James Ramage released from Beechworth prison: Source, the AGE

James Ramage was released from prison last Friday, after only eight years following his conviction for strangling and bashing his wife, Julie, to death in their house and burying her in a shallow grave. The details of the case reveal a textbook case of a controlling, abusive spouse who killed his wife rather than let her leave.

One reason the Ramage case has been in the news so much is that it was the last time the defence of “provocation” was used in a court case in Victoria. That was the reason for the derisory sentence, and since the case exposed the enormous injustices flowing from that defence, the law was changed. The law moves slowly, but social mores change more slowly still.

The silencing argument that women of the Anglophone “Western Civilisation”, or whatever you would like to call it, are completely liberated, done and dusted, and have no business complaining about anything, has continued unabated lately. In such a cultural climate, a few people were rocked back on their heels when Phil Cleary and Julie Ramage’s sister Jane described her murder as an “honour” killing. But you know what? They’re right.

A couple of years ago I heard Germaine Greer reply to a question from the late Pamela Bone, as to why we (meaning anglophone “western” feminists) weren’t doing more to liberate our sisters in the Muslim world. Her answer was in two parts, and the first part was about our absence of standing in that world. The second part was that we haven’t yet cleaned up our own back yard. There is a pervasive myth in our “western” society that harsh and primitive crimes of misogyny only happen There, perpetrated by Them, those Others. Therefore, Western feminism is a hobby for genteel and well-off middle class women who enjoy perfect equality in their world. It’s false. Let’s not let them get away with it.

If Julie Ramage’s killing had been some kind of rare aberration it would still have spoken volumes about gender related violence in our society, but in fact it was just a very high-profile instance of a common and repeating pattern. Here’s the thing: Women are most at risk of being killed by an intimate partner when they have just left the relationship, or when they are planning to leave and the partner becomes aware of it. Think of the number of times you read “estranged husband / boyfriend / de facto husband” when you read about murder cases in the news.

Sure, there’s cultural differences aplenty between our anglocentric killings and the honour killings in other countries which we, rightly, deplore when we read about them. But they’re still about “honour”, a notion of honour which has been twisted and deformed by patriarchy until it looks like its opposite. Sure, the manifestations differ. Here in our more individualistic society we don’t have “but she can never get married now!” or “Shame on our family!” excuse. Instead, we have the “He just loved her too much!” “If I can’t have her, no-one can!” or some shit. But it’s the same thing, different continents; Control of women under patriarchal norms, whether it’s out and proud – as they are in the countries we finger-wag at – or flying below the radar, as in Australia, UK and US.

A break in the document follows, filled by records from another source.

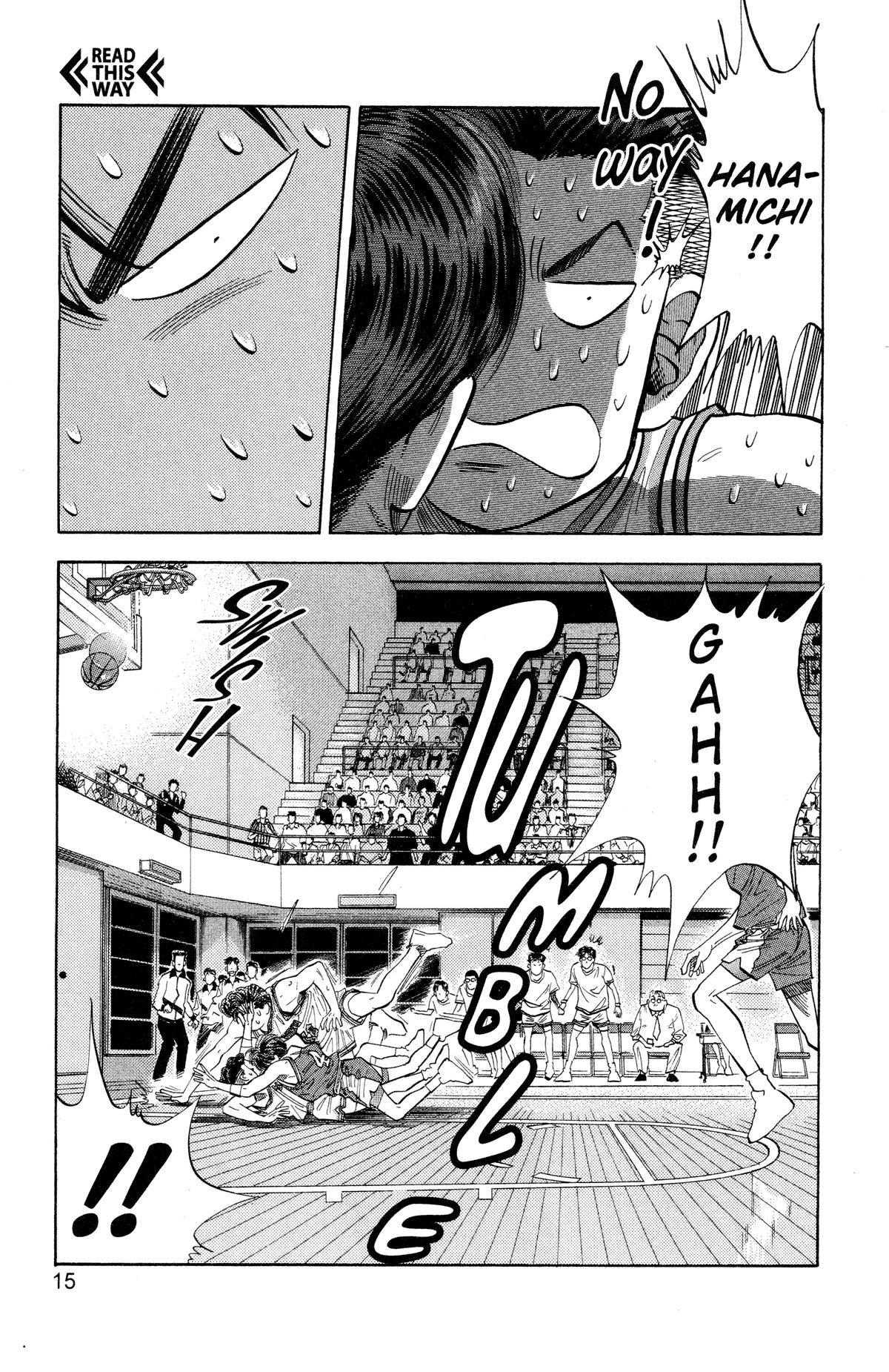 Read Slam Dunk Manga Online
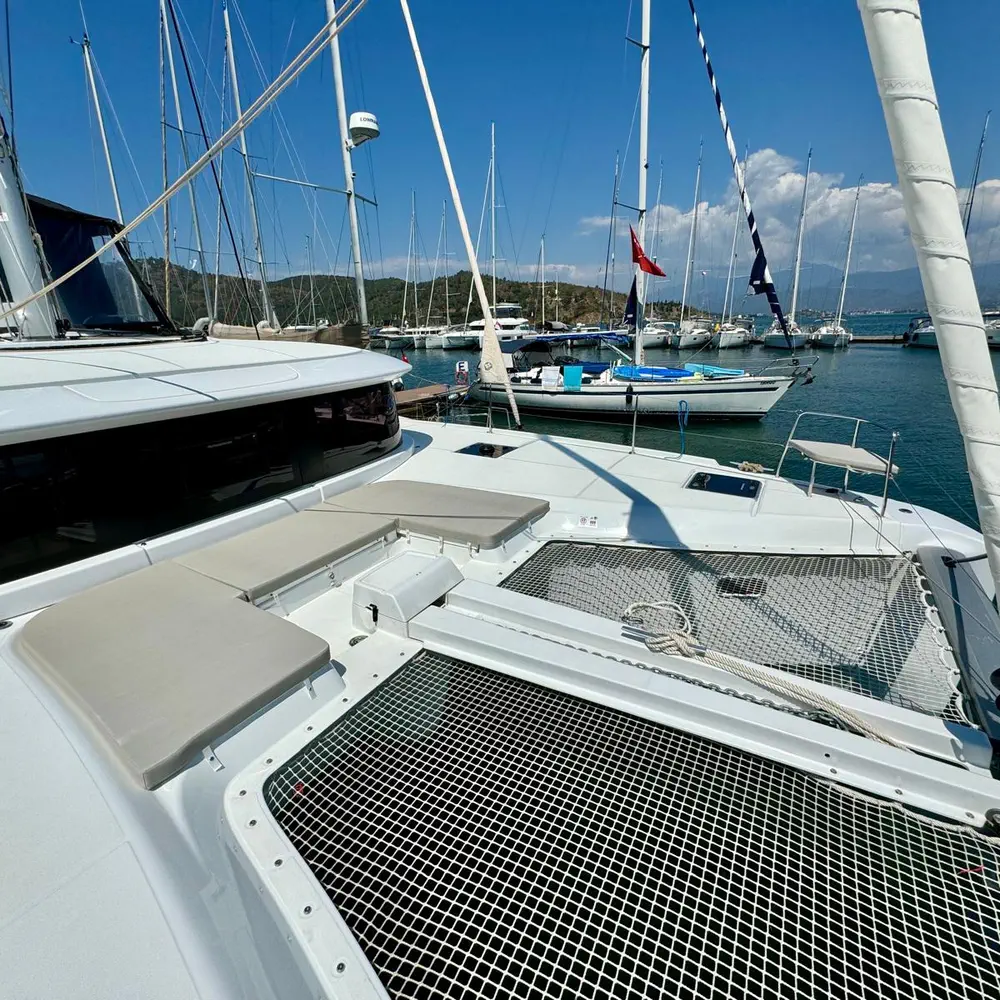 Sail Andromeda 5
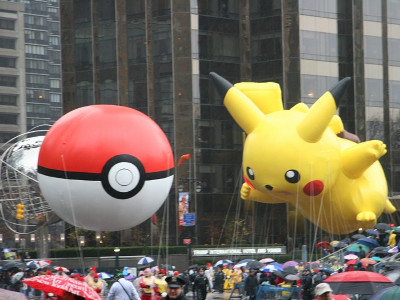 「ポケモンと同じくらい、ゴミも夢中で取って」 公園が清掃用具貸し出す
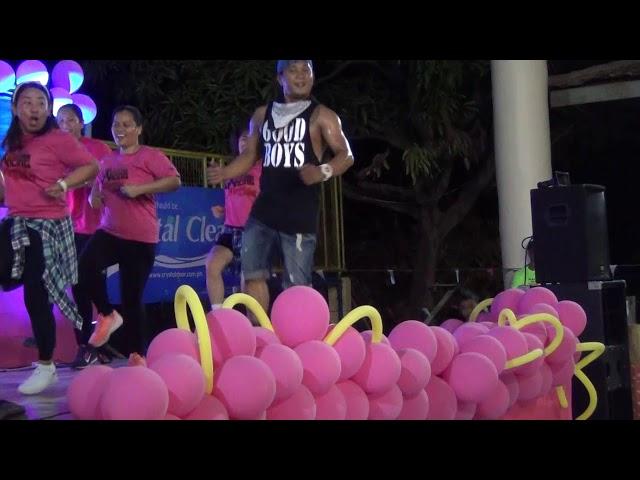Grand Riverside Villa Zumba Fitness 2019 Video Highlights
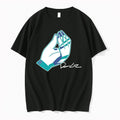 Original Dominic Canzone Seattle Mariners Che Vuoi Pinched Fingers Signature Tshirts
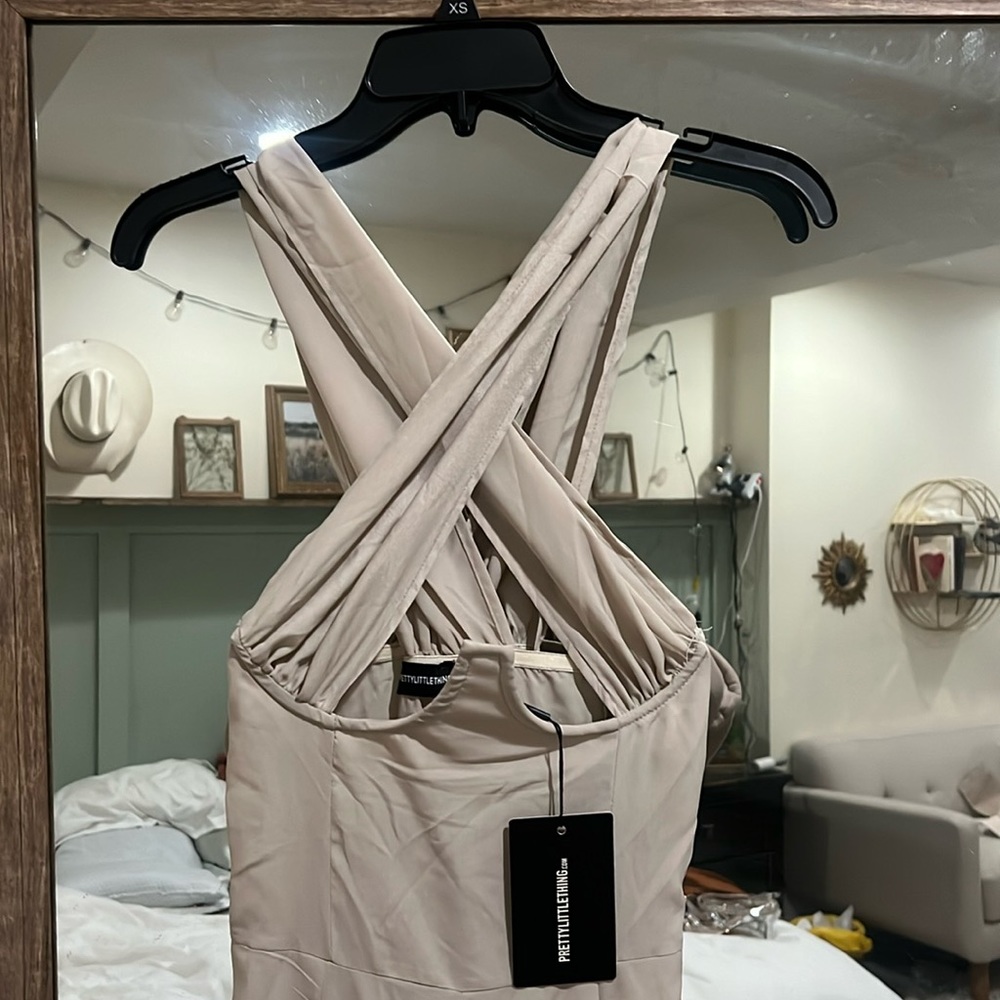 Pretty little thing jumpsuit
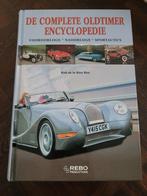 De Complete Oldtimer Encyclopedie - Rob de la Rive Box, Boeken, Ophalen of Verzenden, Zo goed als nieuw, Algemeen, Rob de la Rive Box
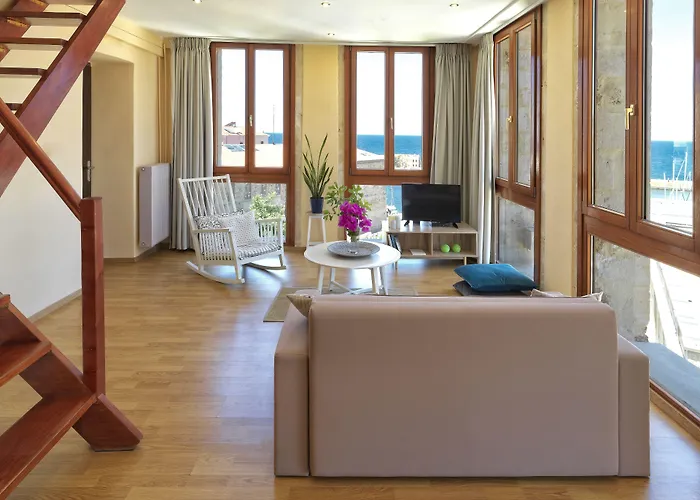 Hébergement de vacances Astraia La Canée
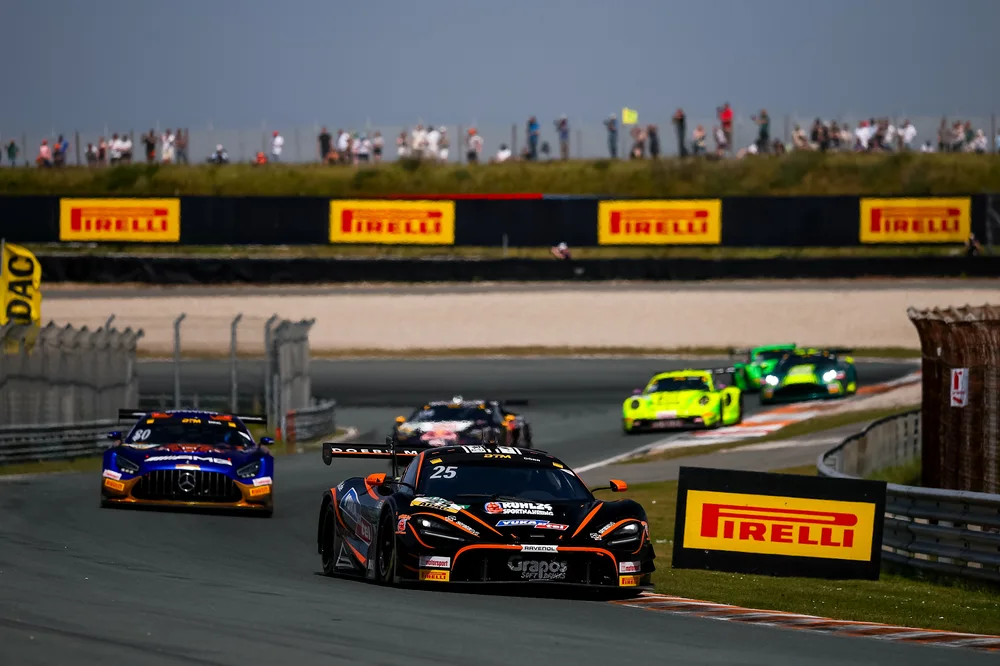 Ziel der Zusammenarbeit mit Sport Signage ist eine konsistente und hochwertige Darstellung der DTM-Markenwelt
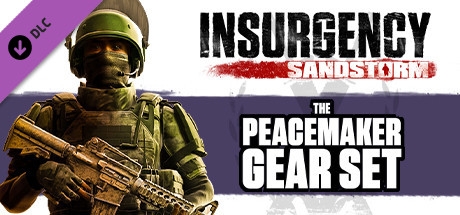 Insurgency: Sandstorm - Peacemaker Gear Set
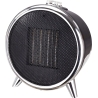 Adler | Fan Heater | AD 7742 | Ceramic | 1500 W | Number of power levels 2 | Black/Silver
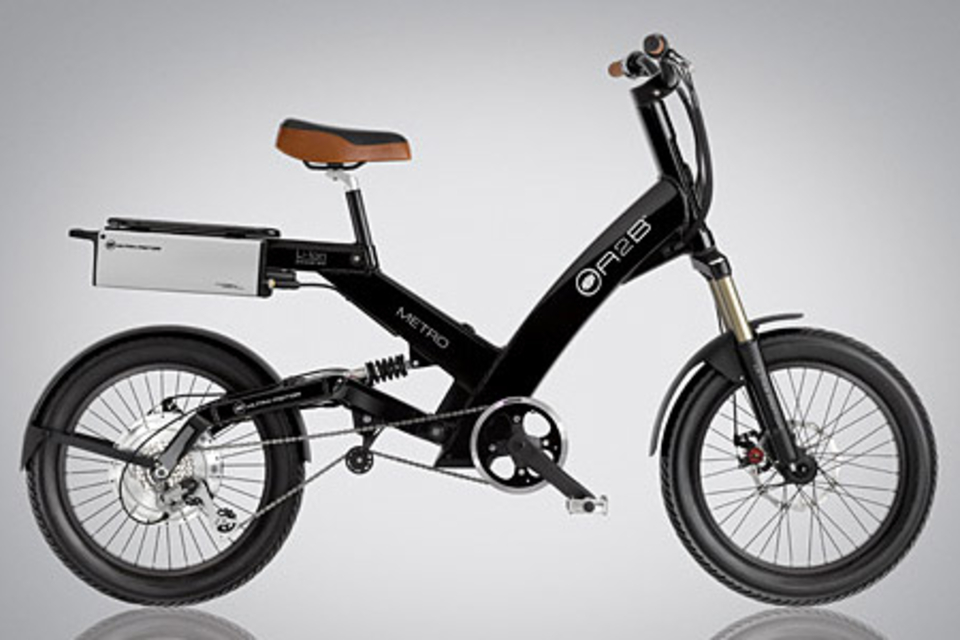 Ultra Motor A2B Bike Ultra Motor A2B Bike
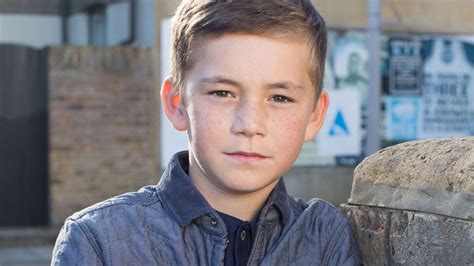 BBC One - EastEnders - Dennis Rickman Jnr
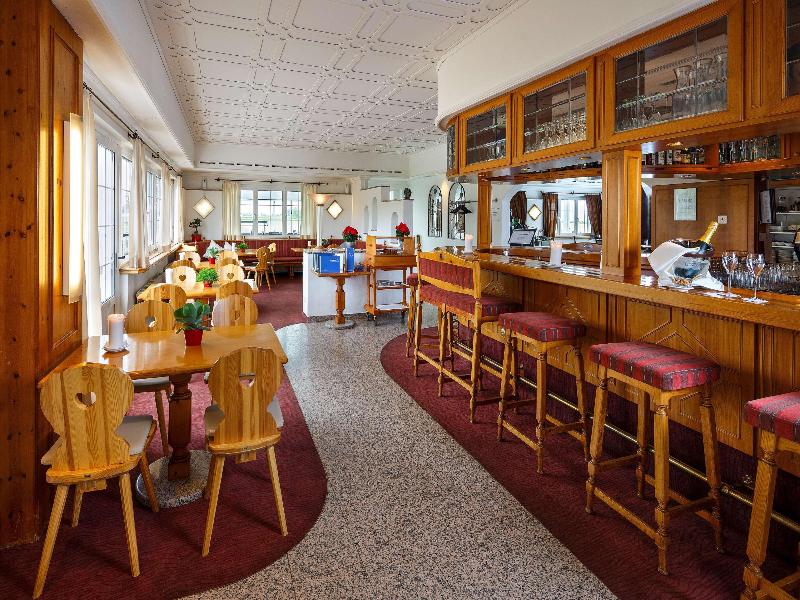 Seemowe Swiss Quality Hotel - Bar
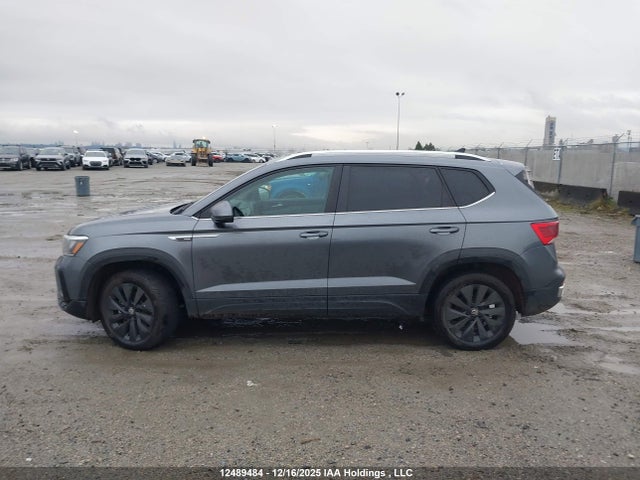 Aukcja sprzedaży 2024 Volkswagen Taos Se, vin: 3VVSX7B24RM094617, numer aukcji: 12489484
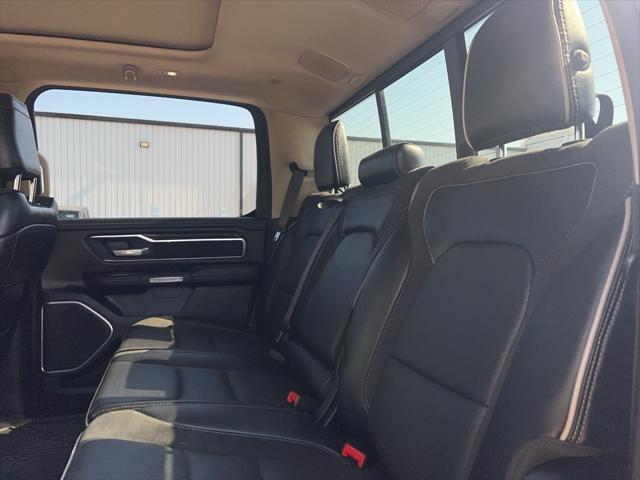 used 2021 Ram 1500 car, priced at $35,566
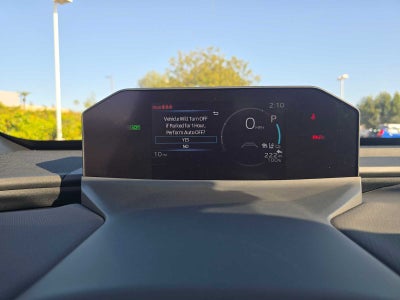 2026 Toyota bZ XLE Plus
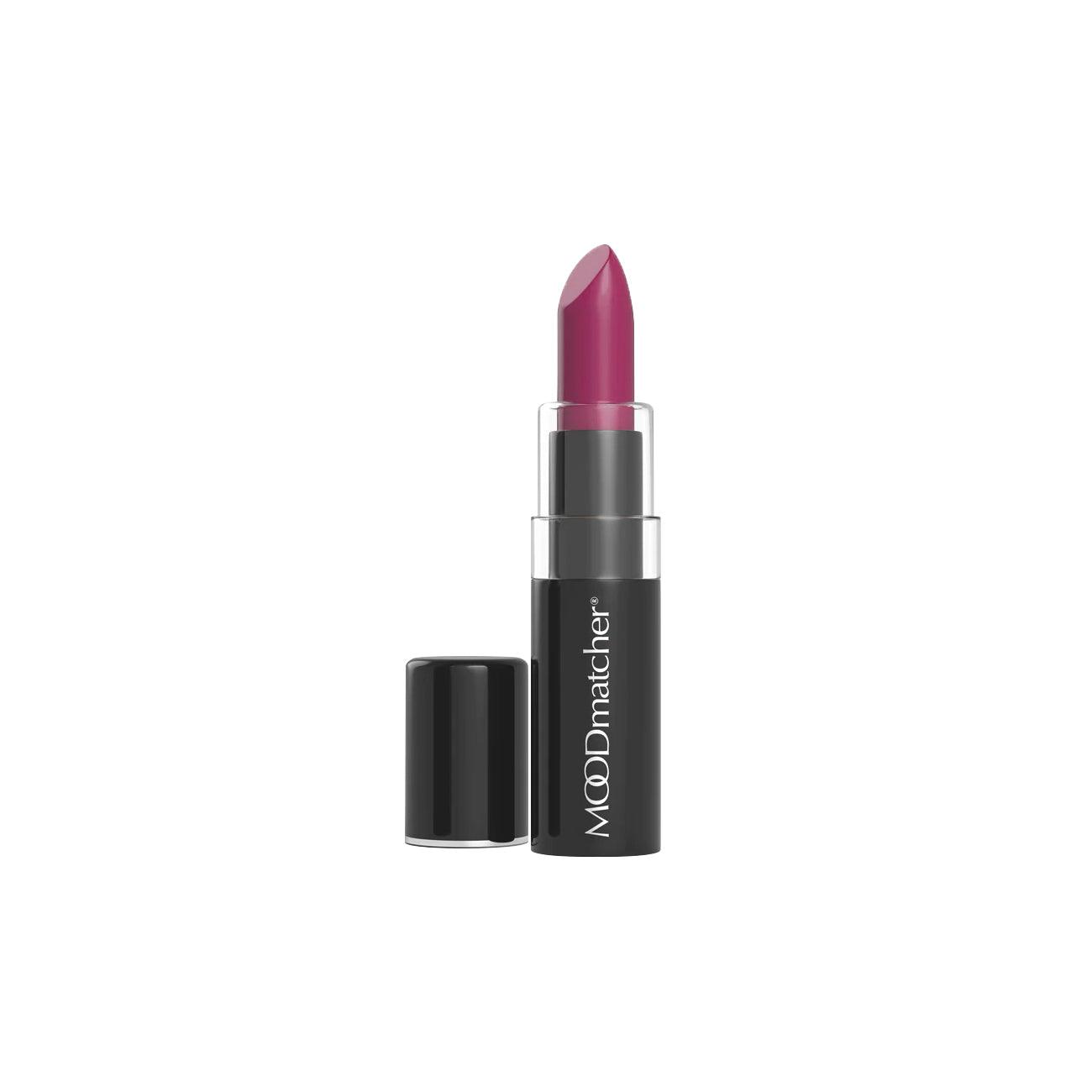 MOODmatcher Color Changing Lipstick Purple To Dark Pink Tint - Skin Society {{ shop.address.country }}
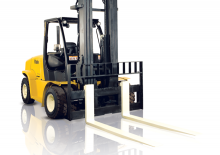 Stivuitoare frontale diesel Yale GDP80SVX Value 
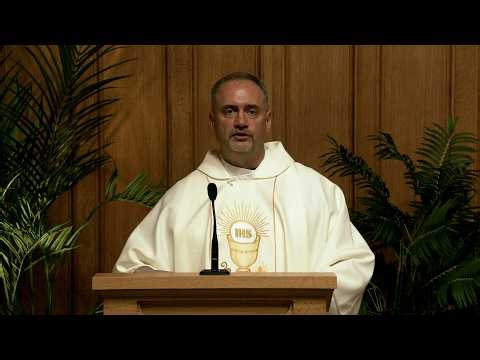 Catholic Mass Today | Daily TV Mass, Thursday August 20, 2026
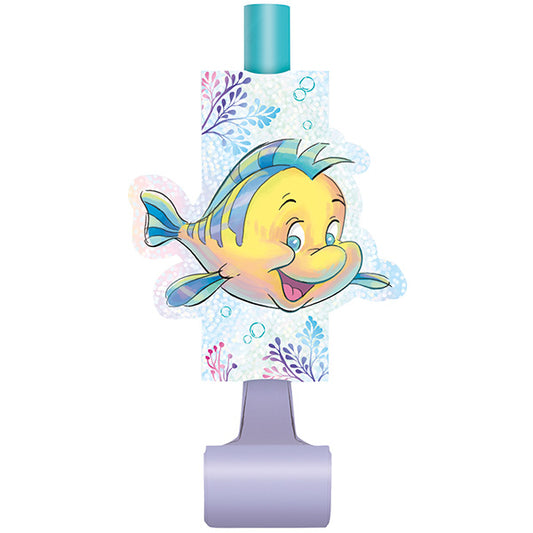 Disney Little Mermaid Blowouts 8ct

Instead of a ritualised, family mandated killing involving brothers or cousins or fathers – and how painful that betrayal must be to the victims – we have more individualised, but still family centred, killings where the betrayer is the person who has promised to love and cherish the woman; not the same in every detail, but still a horrible betrayal, the killing of a woman for a warped notion of “honour”. Not, here, the family-based “honour” but something more modern, the man’s ego or self worth. It’s the same thing, dressed in modern, individualistic clothes. Also, it hardly needs to be said, it involves the concept of the woman as property, which we’ve supposed to have left behind but which seems to just be thinly buried. As with everything else – our remotely controlled weapons, our Guantanamos and detention centres – we really excel, in the West, at disguising the aggressive impulses of our society to make our harms look more civilised or justified. In this case, we pretend that wife-killings are random acts of aggression rather than a repeating pattern.

This affects women of all classes, indigenous women, transwomen, up to and including women at the top of the income and status tree, like Julie Ramage. Privilege won’t save you here.

If Australians want to be smug about the fundamentalist fringes of Islam, we should take a harder look at the rising fundamentalism in the Christian churches in our society. Around the time the Victorian justice system was getting ready to release Ramage, it was jailing John McDonald for the murder of his wife, Marlene McDonald. Again, power and control was front and centre. Marlene had left the abusive relationship and was working at a truck stop north of Melbourne, where her husband believed she’d formed a new relationship with one of the customers. But it went further than that. “Ms Ritchie told the hearing McDonald had confided in her that she had been attacked by two masked men in her home one night but she knew they were her father and brother. “They both started punching and kicking her. The father was very religious and was saying over and over that she had sinned, that she had committed adultery … whilst her brother was calling her a slut and a whore,” she said in a statement tendered to the court. They continued dragging her by the hair to the laneway … when they got outside, her brother started using a baseball bat … She thought they were going to kill her.” She was right.

So, commenters on “western” blogs and news sites, let’s not pat ourselves smugly on the back and vilify feminists on the grounds that we’ve achieved absolute equality (I wish!), while they, over there, commit atrocities in the name of honour and therefore have to bear all the opprobrium. Our honour killings may appear different in detail from the ones those Others perpetrate, but in the end, the women are just as dead.